Comment by Roel Van de Paar [ 2021-10-26 ]

Responding to each numbered point:
1) Understood. Will test with threadpool also to see if it makes a difference.
2) The issue is easy to reproduce with just CLI based connections in a random sort + loop using a Bash script and setting server to allow 10K connections. If you like I can provide information on how to set this up or provide you with a server where the environment for reproduction is already setup for you to debug.
3) I respectfully disagree, for the reasons already stated.
4) Understood. Will look into the 'set scheduler-locking on' gdb command
5) When the tables are created the issue reproduces more easily. Yes there will still be some DML against non-existing tables.
I remain of the opinion that this is critical, but not going to keep flipping it back and forth. Let's agree in the middle (Major) for the time being. Sooner or later a customer will run into this, but they will likely just restart the server and then it will work again for a while. There is a serious locking issue in the server and the 10k threads is just what makes it easy to see.
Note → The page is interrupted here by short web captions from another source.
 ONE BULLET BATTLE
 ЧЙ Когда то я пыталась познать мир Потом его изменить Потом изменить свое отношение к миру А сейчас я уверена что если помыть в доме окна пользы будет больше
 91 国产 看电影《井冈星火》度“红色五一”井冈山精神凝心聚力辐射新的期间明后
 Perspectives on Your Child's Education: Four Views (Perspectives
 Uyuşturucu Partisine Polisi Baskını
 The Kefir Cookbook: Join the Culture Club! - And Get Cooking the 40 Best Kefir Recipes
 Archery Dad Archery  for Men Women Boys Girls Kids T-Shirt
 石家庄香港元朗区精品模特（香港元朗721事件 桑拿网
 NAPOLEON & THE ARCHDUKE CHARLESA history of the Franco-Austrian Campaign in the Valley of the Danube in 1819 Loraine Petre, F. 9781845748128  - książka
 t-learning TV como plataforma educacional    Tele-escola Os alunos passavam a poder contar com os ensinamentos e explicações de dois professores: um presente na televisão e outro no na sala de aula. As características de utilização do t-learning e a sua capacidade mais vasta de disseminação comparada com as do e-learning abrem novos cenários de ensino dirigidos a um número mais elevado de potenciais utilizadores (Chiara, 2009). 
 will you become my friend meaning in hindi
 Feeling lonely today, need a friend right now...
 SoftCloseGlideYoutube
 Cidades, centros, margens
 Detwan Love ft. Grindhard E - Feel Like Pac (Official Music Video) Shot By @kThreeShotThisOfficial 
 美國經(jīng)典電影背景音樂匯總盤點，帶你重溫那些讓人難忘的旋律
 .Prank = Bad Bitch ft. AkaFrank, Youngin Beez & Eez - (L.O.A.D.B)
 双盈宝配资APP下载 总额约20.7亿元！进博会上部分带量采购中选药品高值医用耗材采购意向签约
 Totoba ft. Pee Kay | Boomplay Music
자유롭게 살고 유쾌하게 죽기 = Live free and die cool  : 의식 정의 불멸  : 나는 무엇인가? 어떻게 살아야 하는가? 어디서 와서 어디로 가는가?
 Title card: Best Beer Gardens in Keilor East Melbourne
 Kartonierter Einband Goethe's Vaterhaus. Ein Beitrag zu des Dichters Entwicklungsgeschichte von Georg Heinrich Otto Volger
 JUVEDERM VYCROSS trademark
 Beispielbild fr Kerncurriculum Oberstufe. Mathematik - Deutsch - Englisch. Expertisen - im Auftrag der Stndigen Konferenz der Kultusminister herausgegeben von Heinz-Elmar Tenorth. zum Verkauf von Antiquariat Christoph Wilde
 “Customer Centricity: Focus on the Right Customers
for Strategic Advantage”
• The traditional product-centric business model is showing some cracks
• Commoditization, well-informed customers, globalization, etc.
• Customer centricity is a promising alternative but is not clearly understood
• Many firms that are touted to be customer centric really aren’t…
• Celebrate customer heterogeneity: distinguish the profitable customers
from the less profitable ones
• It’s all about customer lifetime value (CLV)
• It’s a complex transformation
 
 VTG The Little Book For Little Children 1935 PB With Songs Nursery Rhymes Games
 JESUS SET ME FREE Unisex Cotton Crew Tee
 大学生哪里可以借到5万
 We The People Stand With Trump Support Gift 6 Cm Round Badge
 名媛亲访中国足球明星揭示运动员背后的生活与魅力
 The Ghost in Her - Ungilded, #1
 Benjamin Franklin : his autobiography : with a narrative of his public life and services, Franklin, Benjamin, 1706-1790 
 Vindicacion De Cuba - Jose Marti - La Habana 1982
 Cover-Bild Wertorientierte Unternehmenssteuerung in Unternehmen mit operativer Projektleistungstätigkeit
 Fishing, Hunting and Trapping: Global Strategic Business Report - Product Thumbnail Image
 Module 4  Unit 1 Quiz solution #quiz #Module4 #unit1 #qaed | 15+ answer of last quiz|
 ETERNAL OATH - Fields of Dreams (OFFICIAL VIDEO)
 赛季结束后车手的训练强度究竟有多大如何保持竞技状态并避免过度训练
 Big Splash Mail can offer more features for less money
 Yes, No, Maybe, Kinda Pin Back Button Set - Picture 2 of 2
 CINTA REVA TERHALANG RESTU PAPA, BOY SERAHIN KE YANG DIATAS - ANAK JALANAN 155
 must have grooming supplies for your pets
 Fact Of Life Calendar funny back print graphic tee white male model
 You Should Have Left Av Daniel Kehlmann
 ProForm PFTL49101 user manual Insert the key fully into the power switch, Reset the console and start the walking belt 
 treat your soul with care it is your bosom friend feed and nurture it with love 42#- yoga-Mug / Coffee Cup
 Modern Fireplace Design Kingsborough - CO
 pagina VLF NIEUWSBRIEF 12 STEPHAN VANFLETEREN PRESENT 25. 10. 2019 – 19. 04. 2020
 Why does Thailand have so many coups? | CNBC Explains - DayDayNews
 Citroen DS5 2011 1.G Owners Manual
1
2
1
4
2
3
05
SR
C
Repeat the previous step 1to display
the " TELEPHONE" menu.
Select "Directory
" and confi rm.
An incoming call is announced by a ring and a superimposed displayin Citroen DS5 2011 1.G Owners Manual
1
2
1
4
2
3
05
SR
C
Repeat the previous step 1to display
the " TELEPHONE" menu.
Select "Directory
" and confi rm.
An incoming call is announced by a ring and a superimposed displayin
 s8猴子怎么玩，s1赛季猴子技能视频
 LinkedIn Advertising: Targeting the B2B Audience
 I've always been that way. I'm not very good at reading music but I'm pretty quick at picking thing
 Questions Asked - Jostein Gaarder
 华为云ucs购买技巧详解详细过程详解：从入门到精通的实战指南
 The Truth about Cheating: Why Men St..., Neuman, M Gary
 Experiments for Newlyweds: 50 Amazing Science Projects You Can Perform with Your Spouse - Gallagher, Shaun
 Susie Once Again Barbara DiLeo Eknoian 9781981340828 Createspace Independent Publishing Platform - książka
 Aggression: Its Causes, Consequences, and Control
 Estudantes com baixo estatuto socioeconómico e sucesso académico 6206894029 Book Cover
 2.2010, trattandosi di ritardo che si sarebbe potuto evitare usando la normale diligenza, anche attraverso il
Comment by Roel Van de Paar [ 2021-10-26 ]

Re: 4) It seems the 'set scheduler-locking on' gdb command is not directly useful (for QA) without stepping/debugging.
https://www.oreilly.com/library/view/gdb-pocket-reference/9780596100278/re43.html
Are you confident that 'thread apply all bt' does not render an accurate point-in-time snapshot when one breaks in with gdb?

Comment by Vladislav Vaintroub [ 2021-10-26 ]

I'm quite positive about "gdb thread apply all bt" not stopping the threads. And we have seen obviously "impossible stacktraces" in the past, like executing code under mutex in multiple threads seemingly concurrenty, although I already forgot which bug. Maybe marko can remember, as I also recall his proposal to first issue "kill -SIGSTOP" or similar prior to gdb invocation.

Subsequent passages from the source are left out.